Hello again everyone! While dealing with the Unicode issues described in my previous post, it appeared to me that I probably needed a better module management mechanism than passing structs around or turning them into global variables. In this post, I am going to describe the design of a new kernel component, ModuleManager, whose goal is to do just that.
Clarifying what modules are
Before going further, I should clarify that what I call “modules” here is not a module in the Linux sense of a shared library implementing kernel functionality. As far as I’m concerned, kernel modules are just files, which are loaded into RAM alongside the kernel by the bootloader because they are required at an OS initialization stage where filesystem and mass storage management is not initialized yet. In fact, even calling them “kernel modules” is kind of misleading, since they probably won’t be restricted to kernel use, but rather be used to store every executable file and resource that is to be used before mass storage is ready.
It is also worth noting that although the isolated files are currently kept separate on the OS storage media and loaded as separate entities by the bootloader, this does not have to be the case. If performance considerations end up dictating it, I am also ready to use some kind of ramdisk to store all modules in one big flat file that is loaded all at once by GRUB, as done with Linux initrds. In that case, extra processing would be needed to extract a single module from the ramdisk, so I would need an abstraction that leaves me such an option.
From this, it appears that the amount of OS modules is likely to vary significantly over time, and that the kernel alone does not fully determine it. Thus, managing these cleanly would require the use of dynamic memory allocation, and we can consider this to be a first, hardly avoidable dependency of a module manager.
Modules also bear names, which in the general case will be filenames written in Unicode, so ideally we should also wait for Unicode string handling to be ready before starting the module manager.
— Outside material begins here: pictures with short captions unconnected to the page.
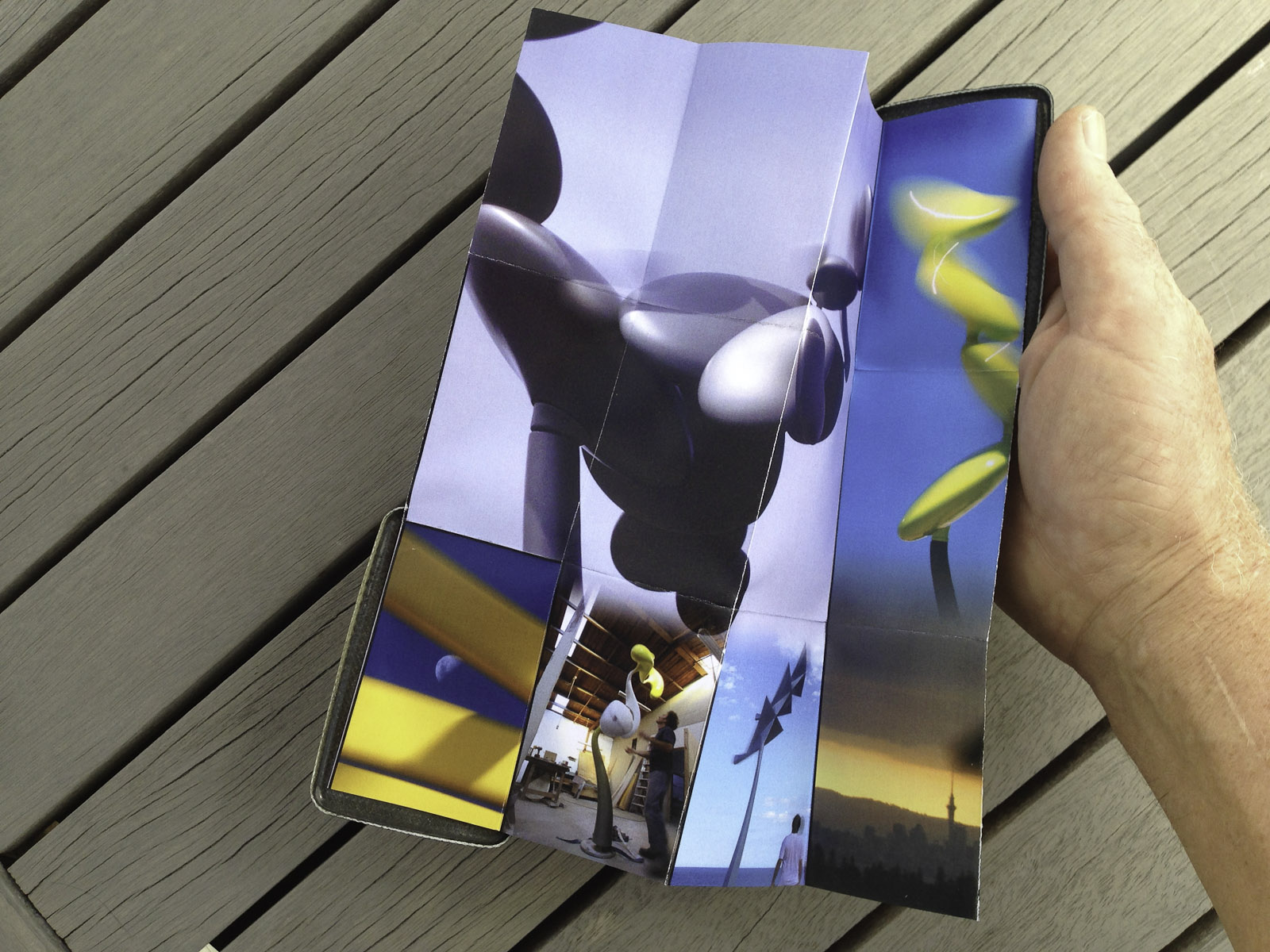 A pocket-size showcase brochure in a custom carbon fibre clam for the kinetic sculptures of Phil Price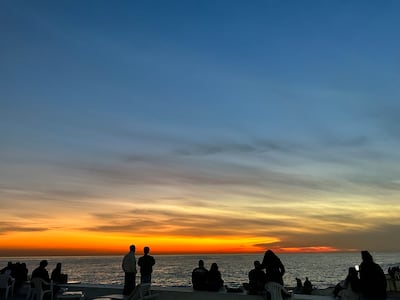 Families and groups of friends perch on plastic chairs to watch the sunset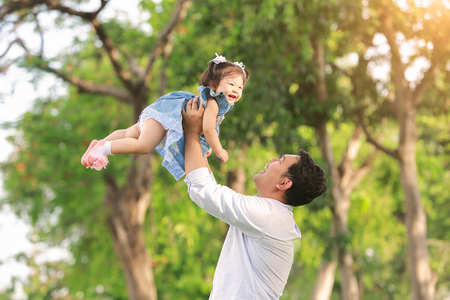 Father's day. Happy joyful father having fun throws up in the air child.の写真素材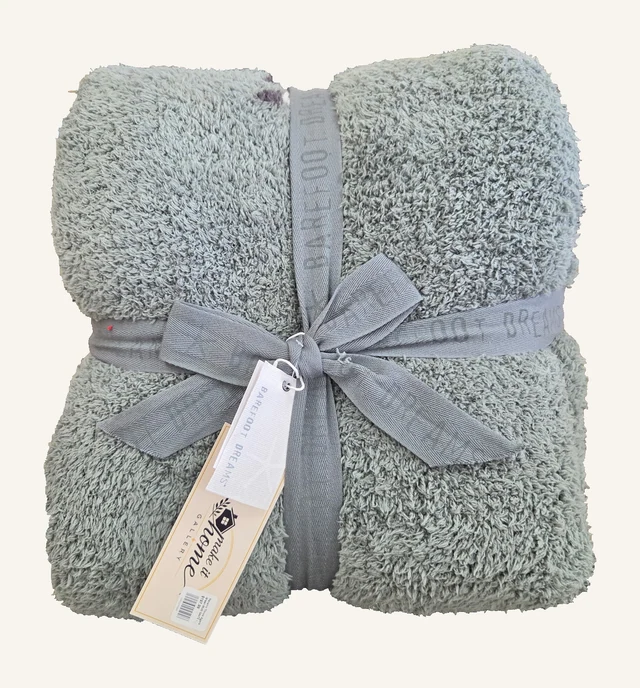 Agave Green Multi CozyChic Navarro throw by Barefoot Dreams, folded with its original gray ribbon and attached tags.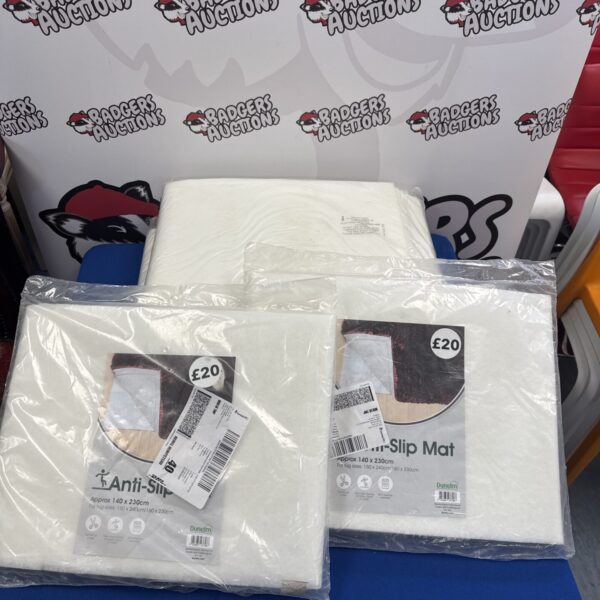 Assorted size rug anti slip mats for floor protection.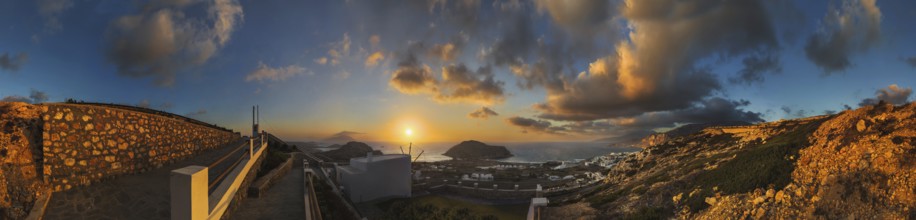 360° panoramic image of an enchanting sunset over the coastal landscape with the town of Arkasa,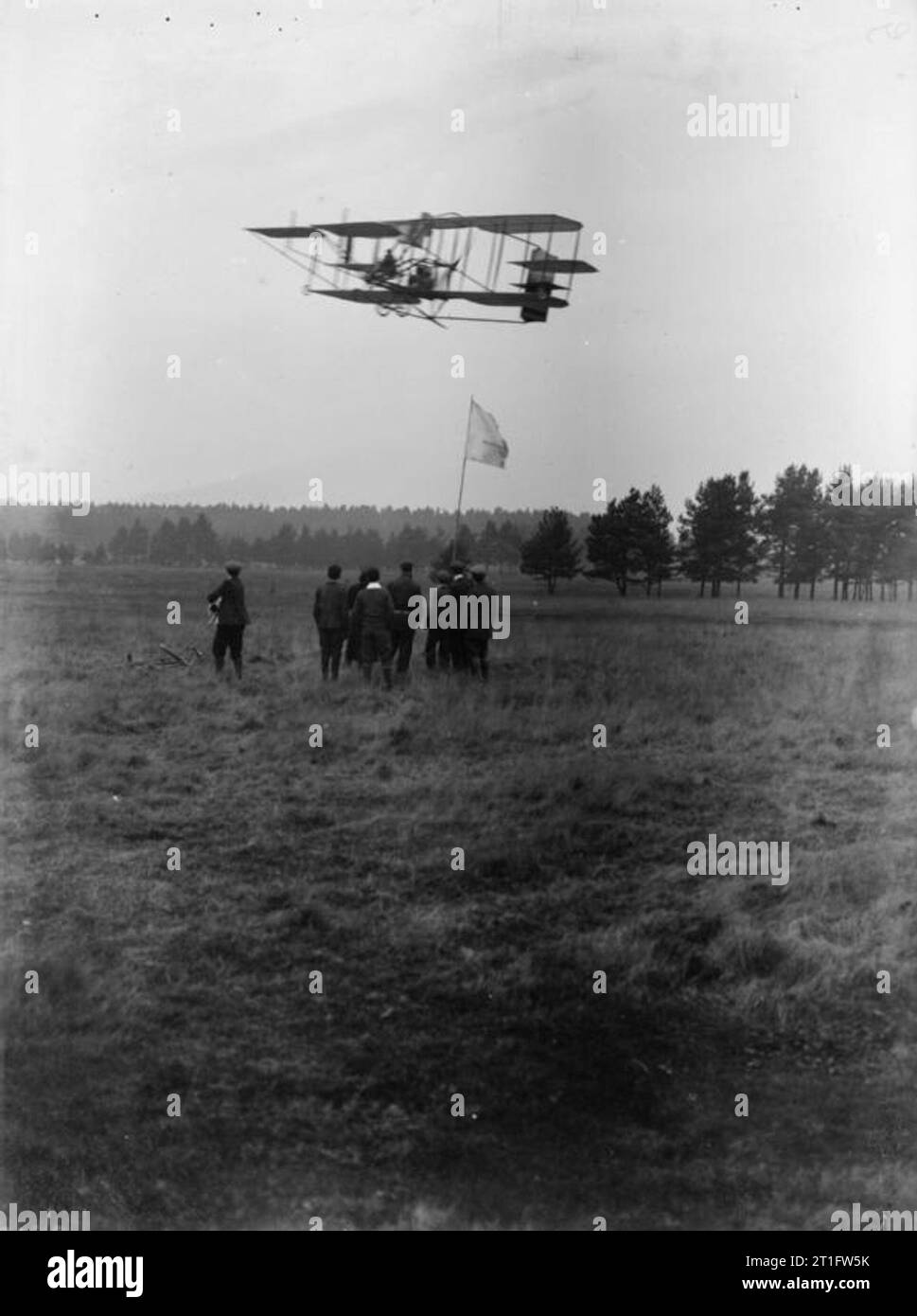 L'aviation en Grande-Bretagne avant la Première Guerre mondiale avion Cody Mark II en vol pendant le procès du Trophée Michelin avec un groupe de spectateurs avec chien et location s ci-dessous par un drapeau. L'aéronef est floue en raison de son mouvement. Cody construit cet avion en 1910 ; l'avion avait été dans plusieurs plantages et souffre généralement de l'utilisation constante. La conception de cet appareil suivie des lignes similaires à la précédente si l'envergure est plus courte d'environ six pieds et la surface alaire autour d'une troisième plus petite. La seule hélice était initialement destiné à être alimenté par deux HP 60 gr Banque D'Images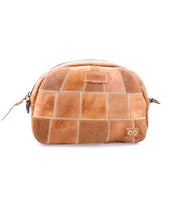 The Abundance pouch by Bed|Stü is a light brown patchwork zippered accessory, expertly crafted from reclaimed leather with visible stitching and a small rectangular logo on the front, embodying sustainable style.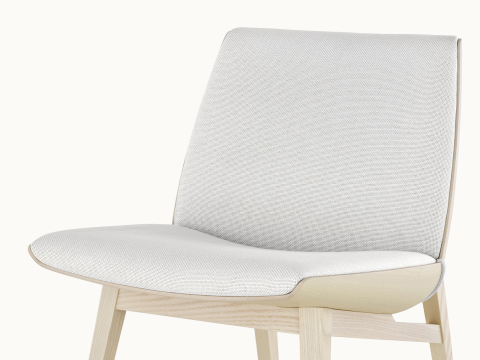 Angled view of a low-back Clamshell Lounge Chair with off-white fabric upholstery and light-ash legs.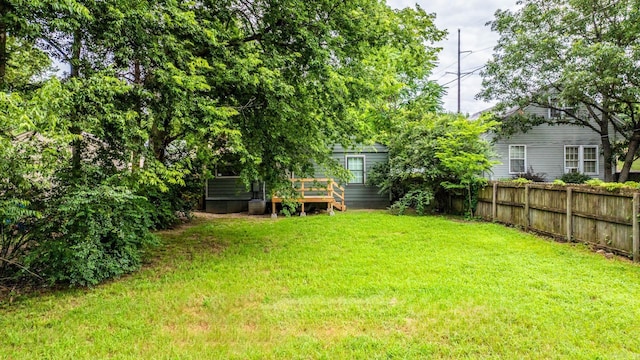 view of yard with a deck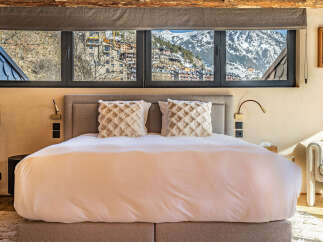 Experience luxury living with this stunning property, boasting breathtaking mountain views visible from the bedroom's expansive windows.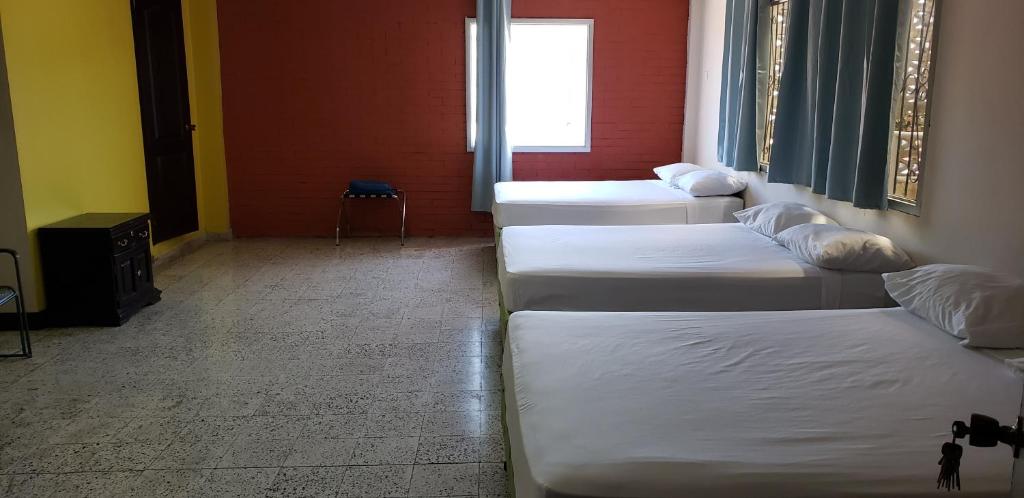 Postel nebo postele na pokoji v ubytování Hotel El Dorado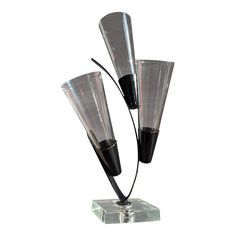 two black and clear glass vases sitting on top of a metal stand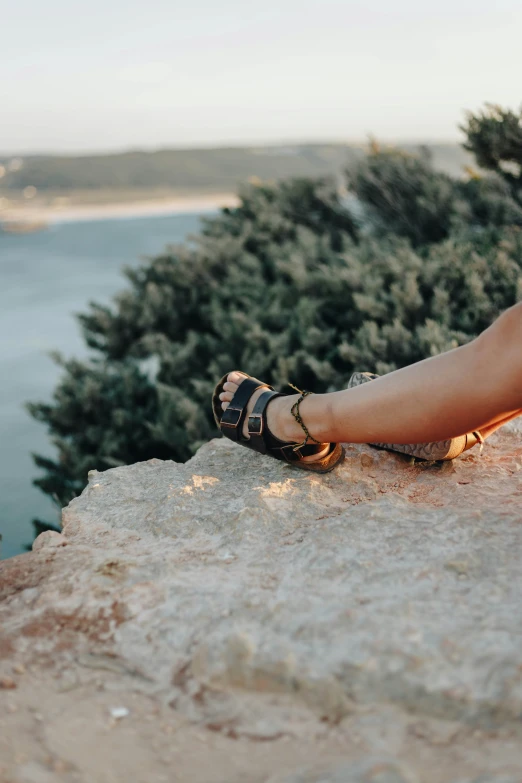 a person with sandals is laying on a rock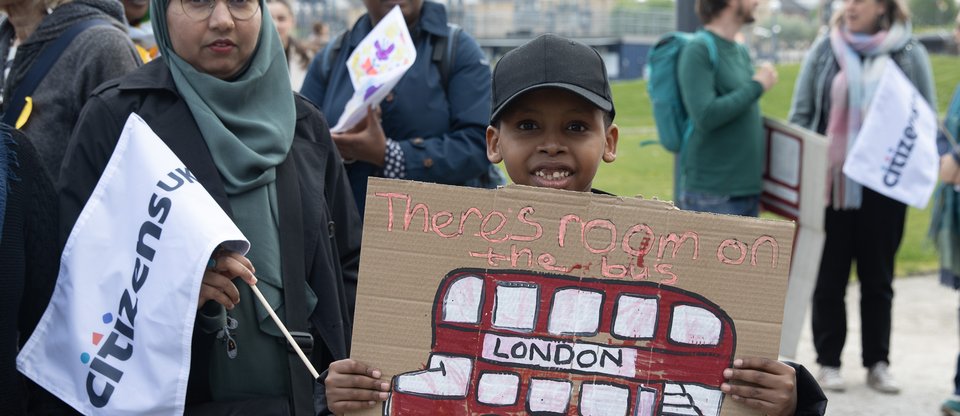 A young boy grins and holds a sign with a red bus, a woman in hijab next to him holds a citizens uk flag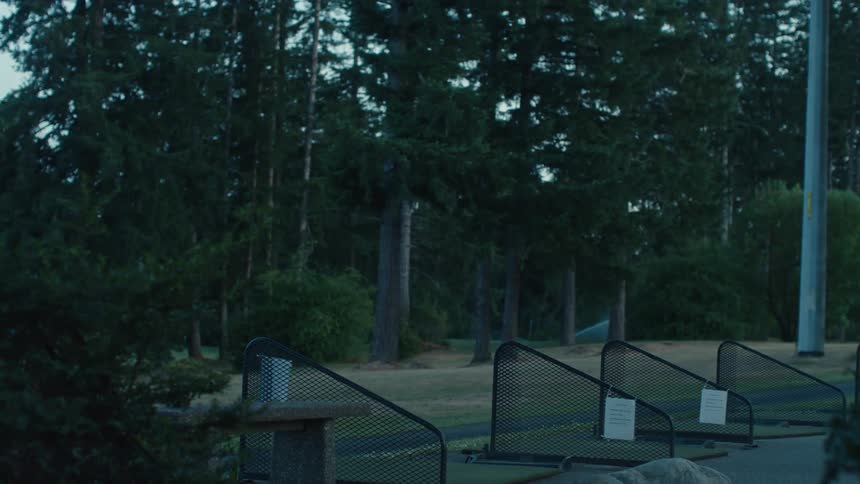 Sprinklers water the green at a quiet, empty golf driving range surrounded by trees at dusk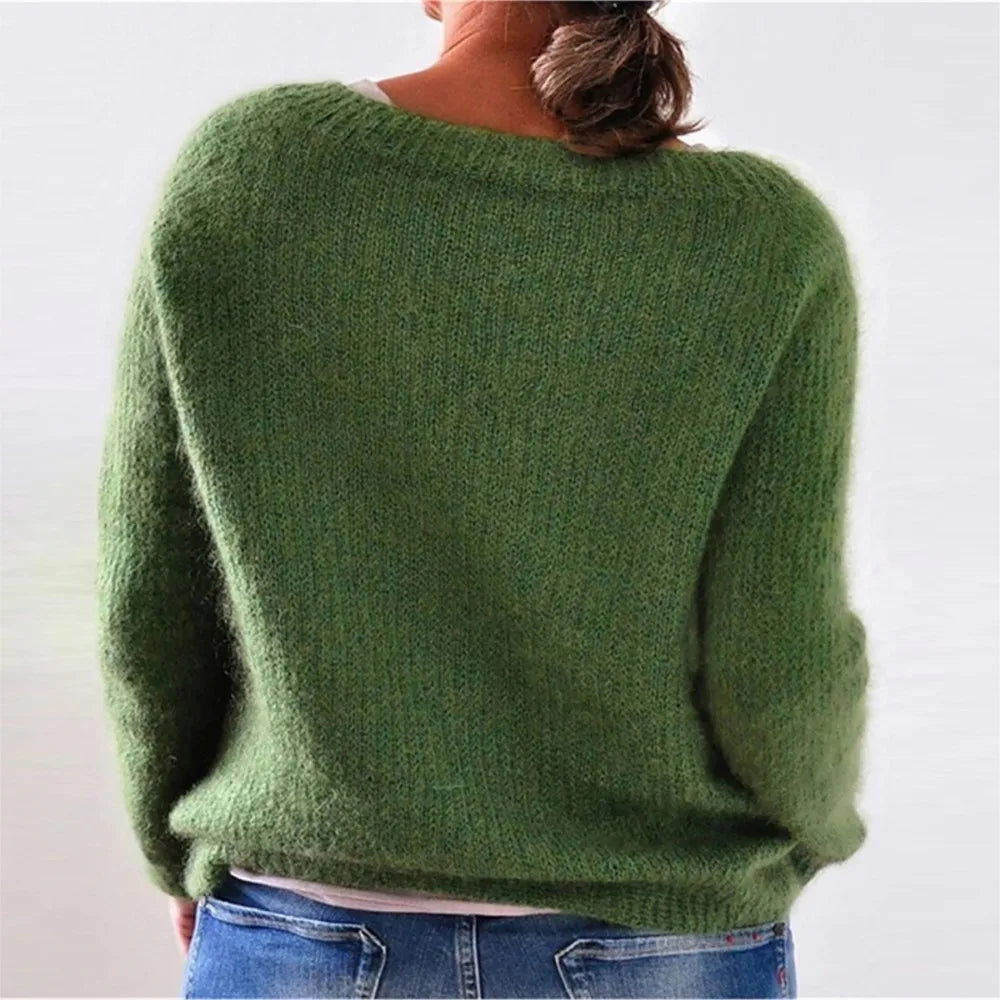Woman wearing green ribbed knit sweater, back view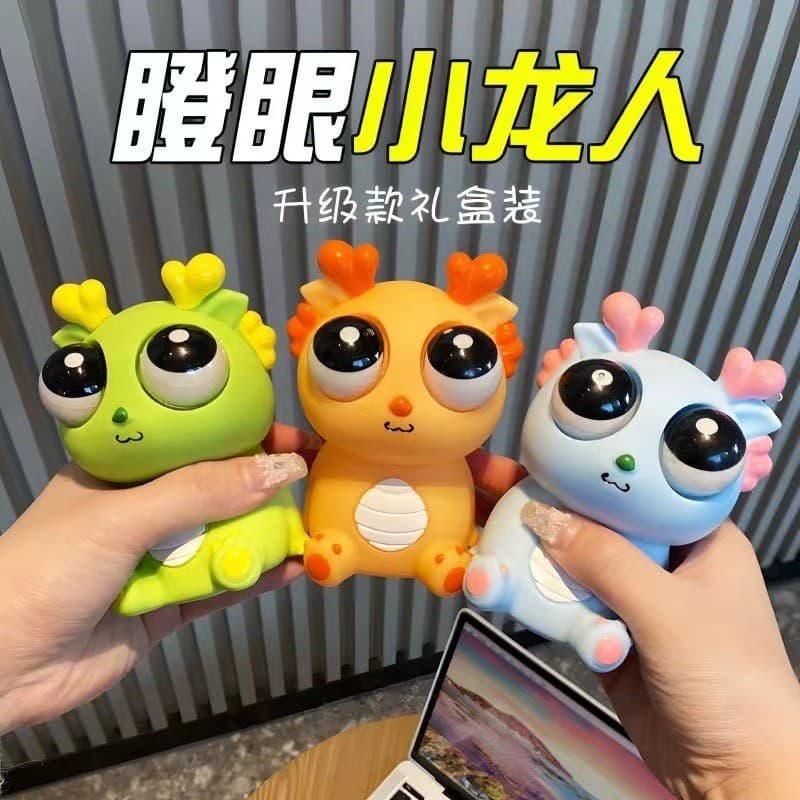 Brinquedo Pop-Eyed dragão pitada música criativo engraçado olhando dinossauro Squeeze ventilação venda quente descompres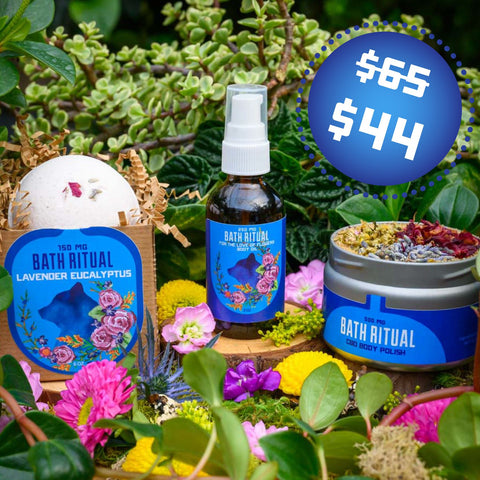 Three of Appalachian Standard's products on display with a nature backdrop: the CBD bath bomb, CBD body oil, and CBD body polish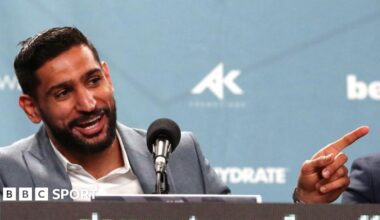 Amir Khan laughs and points his finger speaking at a news conference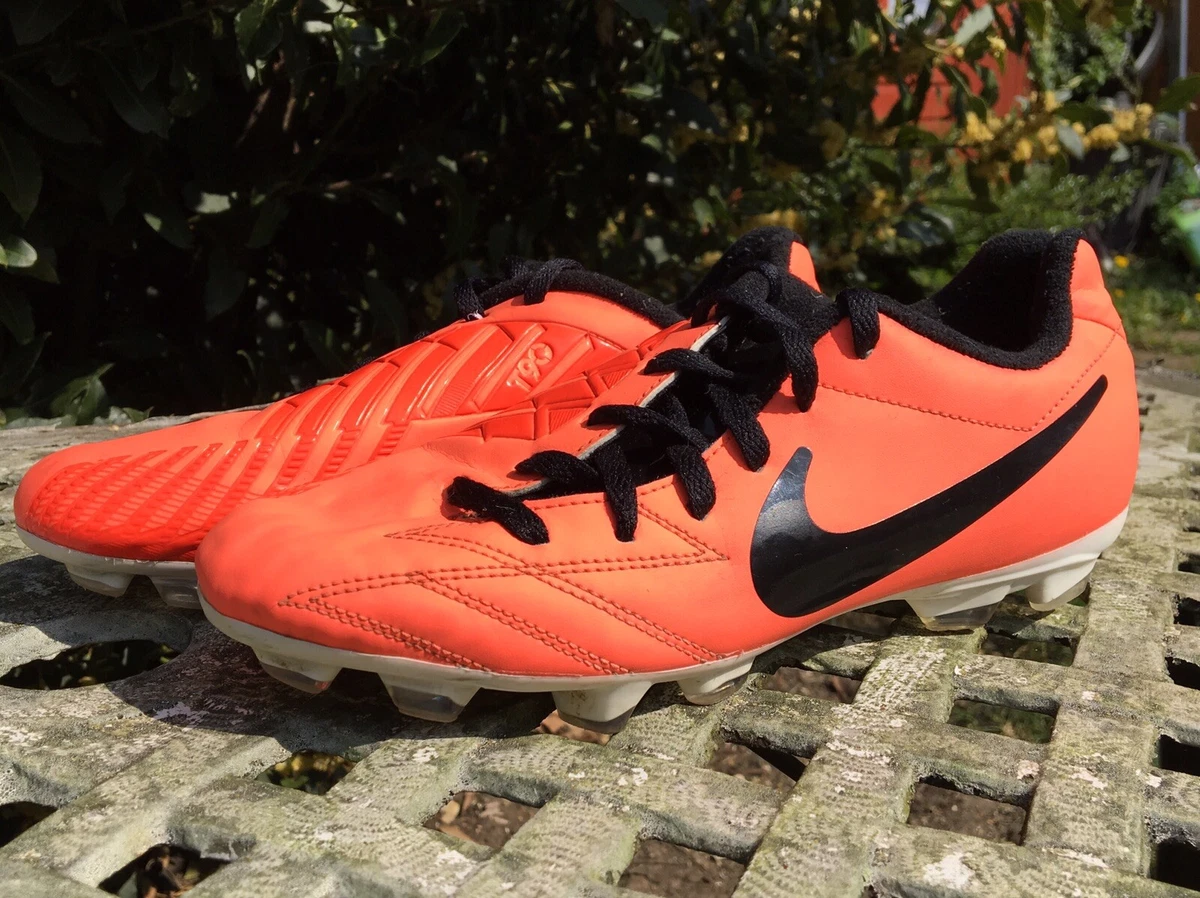 Orange football store boots nike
But that cannot be done, since initializing Unicode strings requires, in itself, the assistance of a couple of modules. So there needs to be an ASCII-restricted subset of either the module manager or string handling routines which can be started first, before Unicode support can be initialized shortly thereafter. I prefer to put such a “restricted mode” in the module manager’s code, since that is consistent with the way other kernel components work, whereas strings, on their side, are implemented as a library.
As far as I can tell, nothing else will be needed to manage kernel modules properly.
Tasks to be performed
However done on the inside, a module manager should be able to do perform two tasks : locate modules in RAM by their filename, and liberate the RAM of modules which won’t be needed anymore. Locating a module means to indicate its RAM location and size to the requester if it exists, and cleanly fail if it doesn’t, which should in itself be a simple task.
Liberating modules, however, is more tricky as soon as a given file is to be shared by two or more unrelated OS services, because there is no easy way to know if all processes which needed access to a given module have gotten it yet. The most elegant way to do it which I have found so far, is that as soon as mass storage management is available, the module manager should start redirecting all module access requests to it, and free up in-RAM images of modules as their remaining users are done with them.
In this scheme, there should also be a way to ensure that the filesystem manager won’t reload modules which have already been sent to RAM by the bootloader. Ideally, there should be a way through which the module manager could feed the mass storage subsystems’ caches with its module images, but such a scenario might also prove to add more design complexity on mass storage management design than it’s worth. At this point, without having worked on filesystem and mass storage matters yet, it’s hard to tell.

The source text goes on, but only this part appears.